### TASK DATA ###

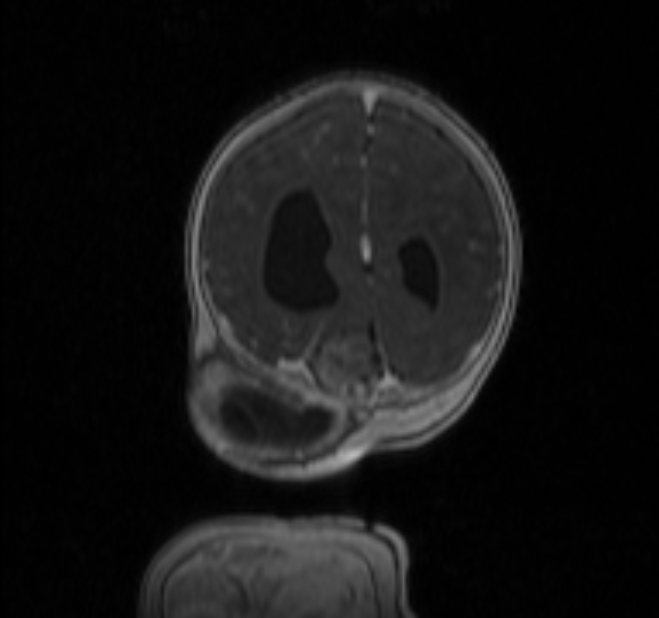 Chiari III malformation with occipital encephalocele (Radiopaedia 79446-92559 Coronal T1 C+ mpr 39).jpg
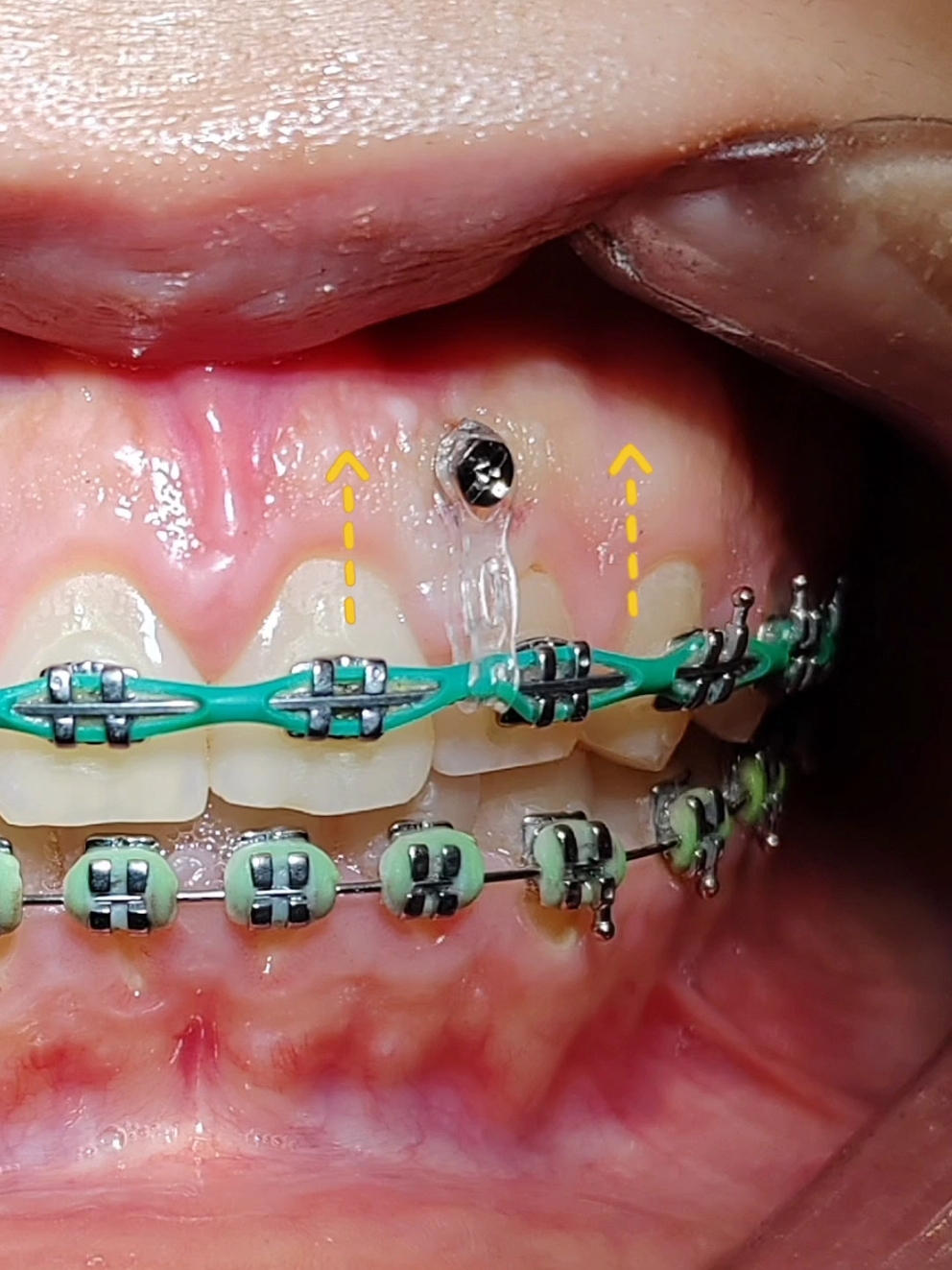 سحب الفك العلوي لأعلى لعلاج الضحكة اللثوية #ضحكة_لثوية #ابتسامة_لثوية #تقويم_الاسنان #دكتور_محمد_عرنوس #Nublê 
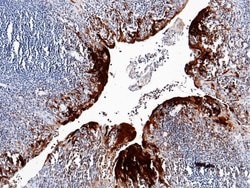 Invitrogen S100A7 Recombinant Rabbit Monoclonal Antibody (129) 100 &mu;L;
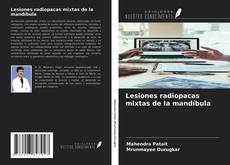 Buchcover von Lesiones radiopacas mixtas de la mandíbula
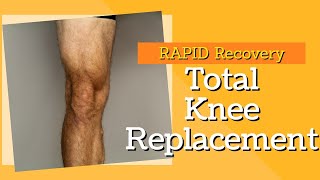 2 Key Exercises to Rapid Recovery for Total Knee Replacement [upl. by Gerdeen]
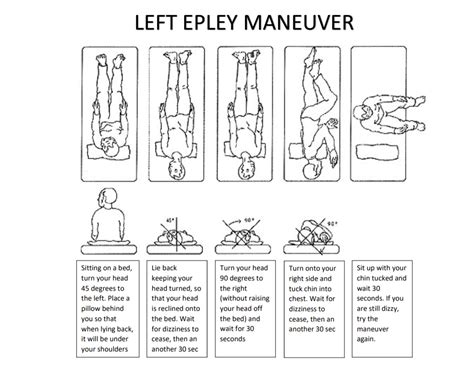 Epley Maneuver Pdf 3 Ways To Perform The Epley Maneuver Wikihow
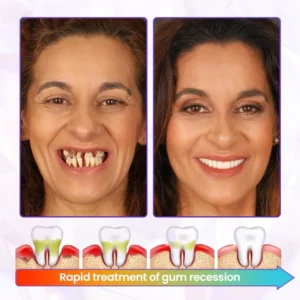 LAOZIK™ Bee Poison Advanced Gum Healing Toothpaste 6 LAOZIK™ Bee Poison Advanced Gum Healing Toothpaste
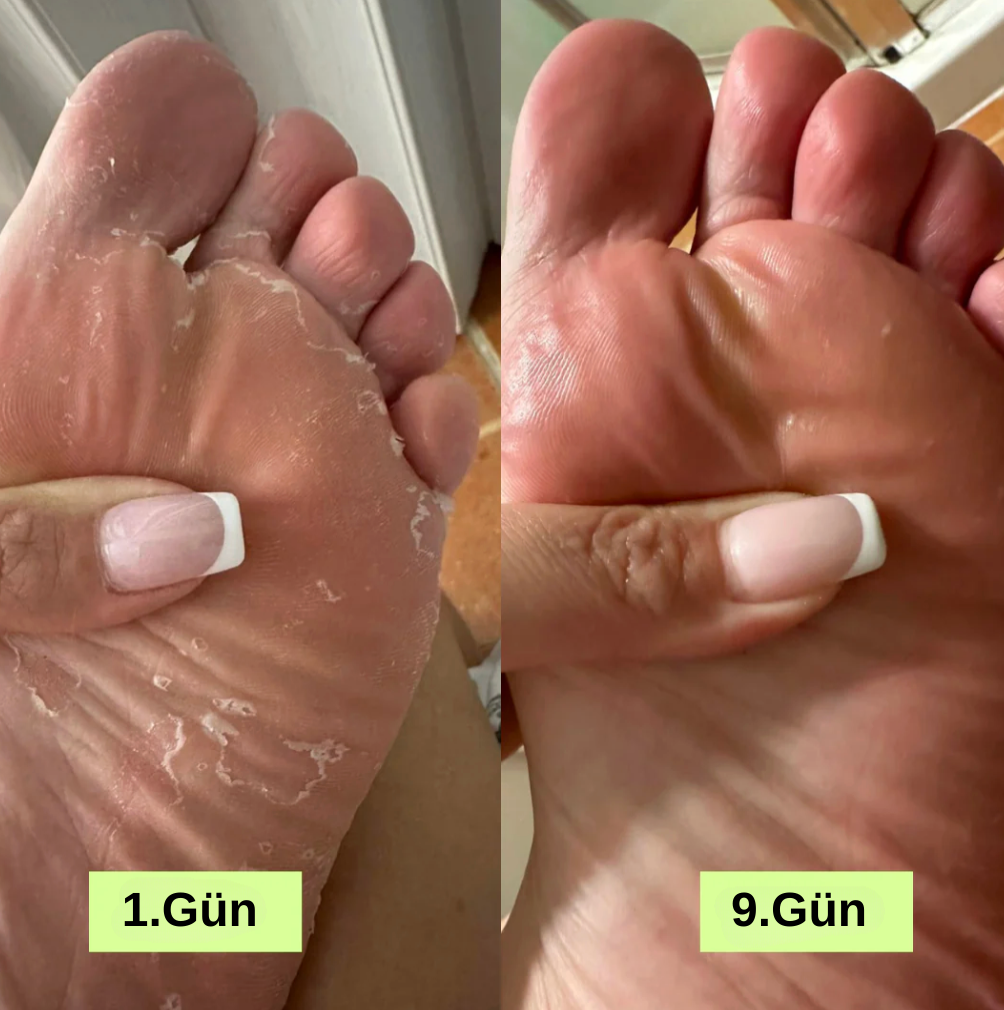 Mantar Giderici Sabun ve Özel Lif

###

▸ REQUIRED ACTION
Print the data again, word for word, without any pictures.

▸ ANSWER SECTION
 Chiari III malformation with occipital encephalocele (Radiopaedia 79446-92559 Coronal T1 C+ mpr 39).jpg
 سحب الفك العلوي لأعلى لعلاج الضحكة اللثوية #ضحكة_لثوية #ابتسامة_لثوية #تقويم_الاسنان #دكتور_محمد_عرنوس #Nublê 
 Invitrogen S100A7 Recombinant Rabbit Monoclonal Antibody (129) 100 &mu;L;
 Buchcover von Lesiones radiopacas mixtas de la mandíbula
 2 Key Exercises to Rapid Recovery for Total Knee Replacement [upl. by Gerdeen]
 Epley Maneuver Pdf 3 Ways To Perform The Epley Maneuver Wikihow
 LAOZIK™ Bee Poison Advanced Gum Healing Toothpaste 6 LAOZIK™ Bee Poison Advanced Gum Healing Toothpaste
 Mantar Giderici Sabun ve Özel Lif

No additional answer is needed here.